[Dataset records]
______

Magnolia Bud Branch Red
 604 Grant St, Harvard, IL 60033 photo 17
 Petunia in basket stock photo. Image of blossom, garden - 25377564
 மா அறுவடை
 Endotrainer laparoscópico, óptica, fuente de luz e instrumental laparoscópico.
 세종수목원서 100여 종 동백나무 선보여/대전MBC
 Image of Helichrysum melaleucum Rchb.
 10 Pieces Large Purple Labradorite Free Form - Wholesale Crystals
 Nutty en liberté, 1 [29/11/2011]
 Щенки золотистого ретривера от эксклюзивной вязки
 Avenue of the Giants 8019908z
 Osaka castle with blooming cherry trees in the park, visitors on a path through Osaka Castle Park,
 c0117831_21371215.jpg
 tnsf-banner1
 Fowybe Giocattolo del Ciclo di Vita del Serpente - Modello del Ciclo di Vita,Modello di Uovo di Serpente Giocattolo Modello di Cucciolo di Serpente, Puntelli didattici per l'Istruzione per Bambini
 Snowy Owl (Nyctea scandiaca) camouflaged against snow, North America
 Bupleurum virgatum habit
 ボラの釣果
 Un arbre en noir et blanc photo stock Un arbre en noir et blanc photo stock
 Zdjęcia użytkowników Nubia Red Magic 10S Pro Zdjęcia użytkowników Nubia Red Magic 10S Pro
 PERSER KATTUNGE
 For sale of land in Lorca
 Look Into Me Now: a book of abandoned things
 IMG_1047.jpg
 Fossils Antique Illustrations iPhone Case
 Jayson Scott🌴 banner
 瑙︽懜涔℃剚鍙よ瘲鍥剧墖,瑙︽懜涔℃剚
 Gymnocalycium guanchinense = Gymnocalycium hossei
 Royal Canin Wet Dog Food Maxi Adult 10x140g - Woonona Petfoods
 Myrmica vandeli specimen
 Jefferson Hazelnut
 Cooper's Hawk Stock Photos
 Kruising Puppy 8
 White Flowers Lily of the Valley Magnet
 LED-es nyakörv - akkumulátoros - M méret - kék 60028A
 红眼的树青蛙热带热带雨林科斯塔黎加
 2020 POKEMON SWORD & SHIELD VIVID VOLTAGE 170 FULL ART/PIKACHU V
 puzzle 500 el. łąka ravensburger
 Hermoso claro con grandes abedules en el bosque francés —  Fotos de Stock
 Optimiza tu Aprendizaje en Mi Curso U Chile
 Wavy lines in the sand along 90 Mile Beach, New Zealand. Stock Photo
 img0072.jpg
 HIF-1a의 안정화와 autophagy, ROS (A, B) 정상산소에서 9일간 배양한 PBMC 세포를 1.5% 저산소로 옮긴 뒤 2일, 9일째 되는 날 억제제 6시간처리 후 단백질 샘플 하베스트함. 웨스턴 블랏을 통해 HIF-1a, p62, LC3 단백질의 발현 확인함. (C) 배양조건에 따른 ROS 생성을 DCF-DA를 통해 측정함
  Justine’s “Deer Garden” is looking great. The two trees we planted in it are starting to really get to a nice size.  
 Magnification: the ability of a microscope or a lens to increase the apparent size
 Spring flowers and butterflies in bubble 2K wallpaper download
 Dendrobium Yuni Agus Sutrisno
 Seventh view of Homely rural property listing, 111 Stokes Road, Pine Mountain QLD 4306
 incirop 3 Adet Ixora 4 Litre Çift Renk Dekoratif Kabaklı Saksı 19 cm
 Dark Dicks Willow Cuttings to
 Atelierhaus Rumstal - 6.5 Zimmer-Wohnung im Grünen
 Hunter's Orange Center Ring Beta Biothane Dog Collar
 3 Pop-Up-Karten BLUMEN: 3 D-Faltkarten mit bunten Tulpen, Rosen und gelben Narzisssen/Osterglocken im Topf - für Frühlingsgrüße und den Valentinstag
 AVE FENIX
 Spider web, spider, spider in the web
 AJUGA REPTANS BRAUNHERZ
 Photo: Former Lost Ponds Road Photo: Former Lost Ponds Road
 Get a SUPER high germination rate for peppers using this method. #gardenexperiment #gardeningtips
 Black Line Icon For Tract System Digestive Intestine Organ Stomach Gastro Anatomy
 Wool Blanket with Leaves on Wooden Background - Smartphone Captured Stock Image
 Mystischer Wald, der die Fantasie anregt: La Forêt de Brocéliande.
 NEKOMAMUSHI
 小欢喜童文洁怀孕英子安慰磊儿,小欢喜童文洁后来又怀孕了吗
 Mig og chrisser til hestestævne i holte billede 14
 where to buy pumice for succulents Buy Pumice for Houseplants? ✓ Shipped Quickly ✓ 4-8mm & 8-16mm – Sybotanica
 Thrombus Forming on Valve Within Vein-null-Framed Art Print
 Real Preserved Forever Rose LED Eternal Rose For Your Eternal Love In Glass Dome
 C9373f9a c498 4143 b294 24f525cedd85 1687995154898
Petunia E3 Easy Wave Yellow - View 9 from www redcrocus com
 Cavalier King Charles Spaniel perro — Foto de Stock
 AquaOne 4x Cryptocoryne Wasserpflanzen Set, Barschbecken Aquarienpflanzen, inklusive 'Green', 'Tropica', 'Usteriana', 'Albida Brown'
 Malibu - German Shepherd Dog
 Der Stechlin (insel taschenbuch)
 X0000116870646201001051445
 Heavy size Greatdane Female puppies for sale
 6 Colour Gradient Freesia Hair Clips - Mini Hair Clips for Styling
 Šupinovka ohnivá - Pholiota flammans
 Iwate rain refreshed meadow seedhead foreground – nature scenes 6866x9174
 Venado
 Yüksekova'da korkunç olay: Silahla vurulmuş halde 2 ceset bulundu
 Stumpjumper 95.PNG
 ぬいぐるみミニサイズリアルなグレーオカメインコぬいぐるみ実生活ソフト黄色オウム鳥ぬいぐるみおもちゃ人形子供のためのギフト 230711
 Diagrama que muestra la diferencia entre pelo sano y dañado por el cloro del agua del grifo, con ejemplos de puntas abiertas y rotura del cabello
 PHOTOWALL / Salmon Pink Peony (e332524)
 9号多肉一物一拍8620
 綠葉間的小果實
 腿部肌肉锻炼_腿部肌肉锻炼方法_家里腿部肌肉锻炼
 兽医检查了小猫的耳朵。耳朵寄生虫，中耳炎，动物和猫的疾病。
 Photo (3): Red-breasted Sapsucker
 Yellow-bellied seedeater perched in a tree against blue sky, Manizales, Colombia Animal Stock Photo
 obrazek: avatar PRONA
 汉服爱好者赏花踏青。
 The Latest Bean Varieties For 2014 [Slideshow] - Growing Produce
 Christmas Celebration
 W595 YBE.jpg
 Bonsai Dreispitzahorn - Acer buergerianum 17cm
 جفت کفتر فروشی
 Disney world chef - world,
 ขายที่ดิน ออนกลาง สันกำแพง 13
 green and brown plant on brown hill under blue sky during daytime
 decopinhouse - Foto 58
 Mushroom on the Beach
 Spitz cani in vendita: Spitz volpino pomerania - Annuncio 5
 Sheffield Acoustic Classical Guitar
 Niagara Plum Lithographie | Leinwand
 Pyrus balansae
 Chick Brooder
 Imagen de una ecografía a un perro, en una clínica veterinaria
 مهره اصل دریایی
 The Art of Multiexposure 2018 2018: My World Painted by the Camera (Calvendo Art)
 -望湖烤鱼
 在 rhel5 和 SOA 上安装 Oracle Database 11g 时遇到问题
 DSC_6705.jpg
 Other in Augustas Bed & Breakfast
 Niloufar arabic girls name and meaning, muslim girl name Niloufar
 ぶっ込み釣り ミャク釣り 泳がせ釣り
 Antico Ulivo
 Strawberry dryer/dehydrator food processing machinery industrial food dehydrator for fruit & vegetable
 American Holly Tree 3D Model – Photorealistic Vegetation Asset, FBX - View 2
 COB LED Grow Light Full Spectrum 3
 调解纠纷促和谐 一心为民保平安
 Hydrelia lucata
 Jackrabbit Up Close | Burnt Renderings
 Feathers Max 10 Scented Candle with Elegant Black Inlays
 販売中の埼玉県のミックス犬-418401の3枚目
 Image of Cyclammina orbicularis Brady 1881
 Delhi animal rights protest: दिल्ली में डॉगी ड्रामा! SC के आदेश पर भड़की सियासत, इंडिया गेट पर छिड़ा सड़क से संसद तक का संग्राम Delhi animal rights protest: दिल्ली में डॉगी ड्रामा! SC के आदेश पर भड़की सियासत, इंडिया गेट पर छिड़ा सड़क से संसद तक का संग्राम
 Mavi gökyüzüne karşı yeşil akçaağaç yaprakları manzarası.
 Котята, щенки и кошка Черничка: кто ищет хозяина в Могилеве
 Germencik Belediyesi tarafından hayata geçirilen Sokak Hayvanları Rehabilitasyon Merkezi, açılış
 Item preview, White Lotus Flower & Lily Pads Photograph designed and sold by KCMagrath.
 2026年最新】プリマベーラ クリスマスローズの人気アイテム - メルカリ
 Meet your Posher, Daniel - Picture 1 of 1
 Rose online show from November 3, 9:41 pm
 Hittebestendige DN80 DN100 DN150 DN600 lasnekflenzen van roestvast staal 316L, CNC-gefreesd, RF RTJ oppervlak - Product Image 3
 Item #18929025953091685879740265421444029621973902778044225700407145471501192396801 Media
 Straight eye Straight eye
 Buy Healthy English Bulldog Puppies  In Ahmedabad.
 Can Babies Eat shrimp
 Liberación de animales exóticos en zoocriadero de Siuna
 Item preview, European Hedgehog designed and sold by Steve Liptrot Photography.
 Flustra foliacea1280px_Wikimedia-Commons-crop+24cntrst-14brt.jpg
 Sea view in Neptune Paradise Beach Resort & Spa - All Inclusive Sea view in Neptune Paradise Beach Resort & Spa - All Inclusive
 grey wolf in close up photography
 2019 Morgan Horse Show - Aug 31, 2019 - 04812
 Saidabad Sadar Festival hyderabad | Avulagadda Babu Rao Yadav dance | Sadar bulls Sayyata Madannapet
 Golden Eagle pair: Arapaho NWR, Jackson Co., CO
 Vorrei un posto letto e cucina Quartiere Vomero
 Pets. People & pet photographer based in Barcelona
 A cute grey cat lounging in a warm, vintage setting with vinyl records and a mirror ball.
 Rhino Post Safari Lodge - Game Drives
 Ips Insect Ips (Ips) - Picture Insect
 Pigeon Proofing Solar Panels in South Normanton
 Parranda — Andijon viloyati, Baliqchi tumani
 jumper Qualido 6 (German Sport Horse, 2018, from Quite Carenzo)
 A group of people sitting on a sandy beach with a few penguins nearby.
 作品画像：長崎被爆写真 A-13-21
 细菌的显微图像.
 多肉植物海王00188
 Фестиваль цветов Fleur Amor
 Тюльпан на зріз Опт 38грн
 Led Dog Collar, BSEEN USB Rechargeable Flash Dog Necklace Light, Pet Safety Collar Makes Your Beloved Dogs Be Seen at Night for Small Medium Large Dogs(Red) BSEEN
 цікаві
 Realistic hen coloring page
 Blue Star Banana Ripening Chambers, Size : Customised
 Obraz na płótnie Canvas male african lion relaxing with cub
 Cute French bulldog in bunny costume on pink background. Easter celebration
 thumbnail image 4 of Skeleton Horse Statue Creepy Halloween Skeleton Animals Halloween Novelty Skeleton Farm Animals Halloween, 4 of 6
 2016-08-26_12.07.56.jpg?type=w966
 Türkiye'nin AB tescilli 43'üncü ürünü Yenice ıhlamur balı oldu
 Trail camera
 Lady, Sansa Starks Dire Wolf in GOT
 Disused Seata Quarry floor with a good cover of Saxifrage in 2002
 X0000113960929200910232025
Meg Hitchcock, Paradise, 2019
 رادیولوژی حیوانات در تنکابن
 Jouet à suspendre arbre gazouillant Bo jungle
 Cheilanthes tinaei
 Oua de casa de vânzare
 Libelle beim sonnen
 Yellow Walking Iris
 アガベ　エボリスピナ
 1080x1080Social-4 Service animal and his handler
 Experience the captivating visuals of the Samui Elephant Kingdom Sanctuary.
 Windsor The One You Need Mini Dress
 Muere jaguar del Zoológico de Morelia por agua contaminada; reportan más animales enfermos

______

Work instructions
Among the entries above, which lines include "arbre"? List them all.

Finished exercise
 Un arbre en noir et blanc photo stock Un arbre en noir et blanc photo stock
 Jouet à suspendre arbre gazouillant Bo jungle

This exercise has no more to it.